We are, today, issuing formal proceedings against the Met Police for their apparent continued failure to properly investigate Boris Johnson’s attendance at three lockdown gatherings, in November and December 2020 and January 2021, and their refusal to answer our legitimate questions about how they reached this decision.
The public have a right to know what really went on inside the Partygate investigation. The Met’s actions have raised grave concerns about the deferential way in which they are policing those in power. It stands in stark contrast to how ordinary people were policed during lockdown.
It was only after we threatened to sue the Met in January 2022 that they agreed to investigate at all and the Prime Minister was eventually fined for attending a lockdown gathering in June 2020.
We’ve given the Met multiple opportunities to explain why he was reportedly not sent questionnaires regarding these three other gatherings, nor issued with fixed penalty notices for attending them, when a number of civil servants and officials who did received both.
On 15 June, we wrote to the Met, giving them a week to finally live up to their duty to be honest and upfront with the public.

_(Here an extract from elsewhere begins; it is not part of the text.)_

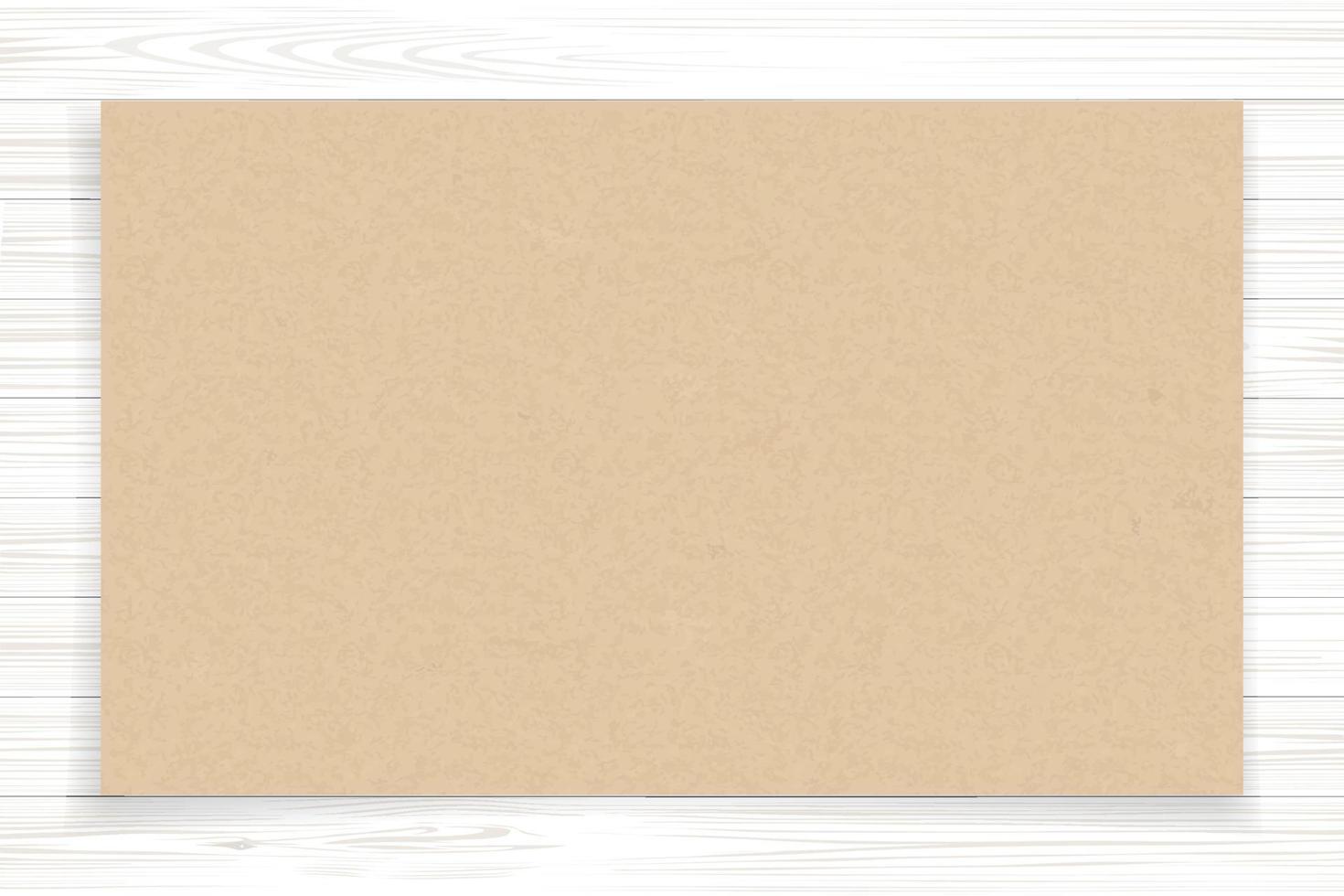 braunes Papierblatt auf weißem Holzstrukturhintergrund. Vektor. vektor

Rather than work with us in a spirit of transparency, or address to the substantive issues raised in our case, their response focuses on our right to bring this action at all (known as ‘standing’). Yet even here, they haven’t properly explained themselves. We asked them who, if not us, would have standing and they refused to answer.
We strongly believe that Good Law Project and our co-claimant, former senior Met Officer Lord Paddick, have standing to represent the public interest in this matter. If we aren’t allowed to bring this claim, we don’t believe anyone else will be in a position to do so.

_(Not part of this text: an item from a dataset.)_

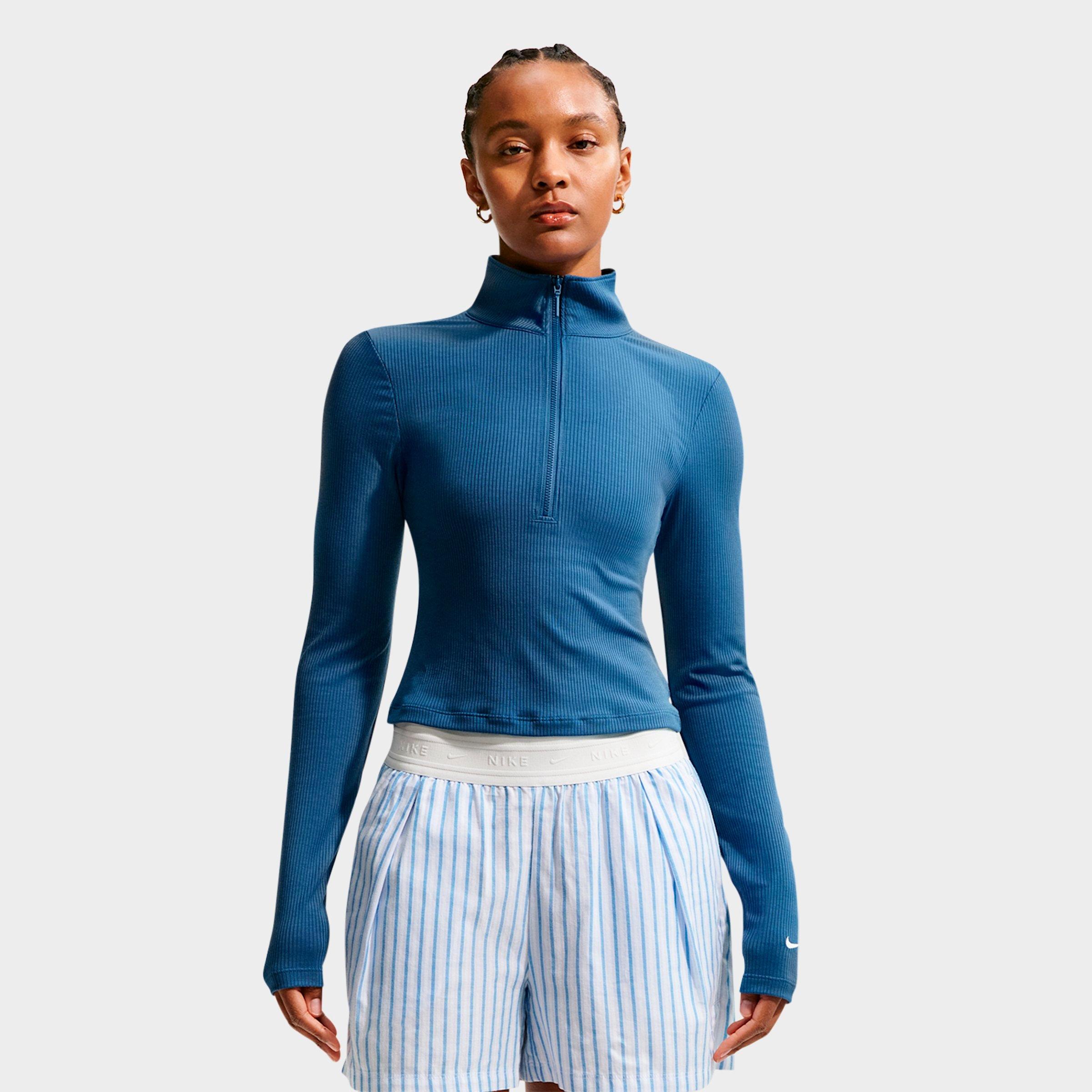 Nike Sportswear Chill Knit Quarter-Zip Long-Sleeve Ribbed Top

So now we’re forced to sue the Met for a second time.
Lord Paddick: “Members of the public will have seen Boris Johnson raising a glass at a party that he was apparently not even questioned about, and thought ‘If that had been me, I would have been fined.’ We are determined that the Prime Minister should be held to the same standard as the rest of us.”
From its failure to hold the Prime Minister and those around him to account for their lockdown breaches, to shocking reports of institutional misogyny, discrimination and sexual harassment, the public’s faith in the Met has been shaken to the core this year. This is their moment to finally begin repairing the damage their inaction has done.

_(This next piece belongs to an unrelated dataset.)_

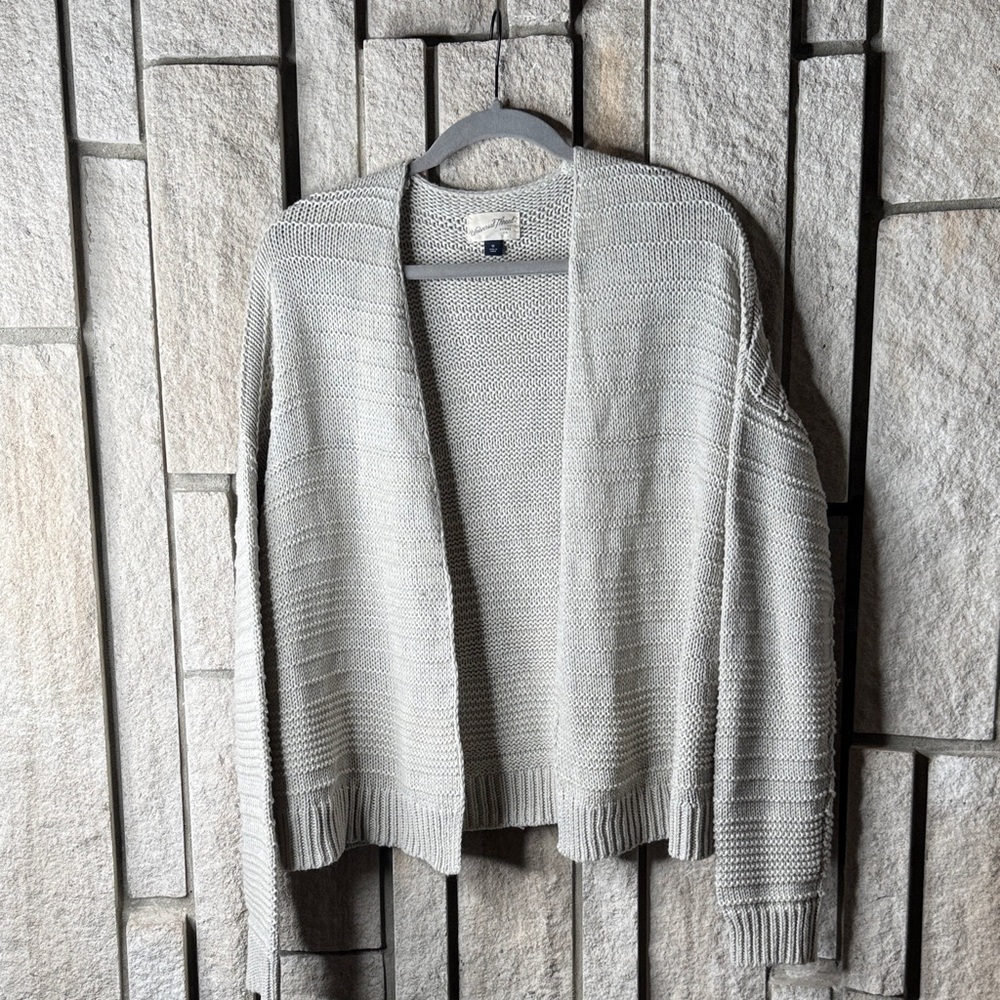 Universal Thread Light Gray Open-Front Cardigan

Our challenge is grounded in a single, simple idea: for the law to have any meaning, it must apply equally to us all. The Met must explain their seeming lack of action in this matter. We won’t stop until the full story is uncovered.
The Met have until 22 July to respond. We will keep you updated.
Lord Paddick and Good Law Project have instructed the same team which acted in the previous judicial review of the Met: Bindman LLP and Danny Friedman QC leading Adam Wagner.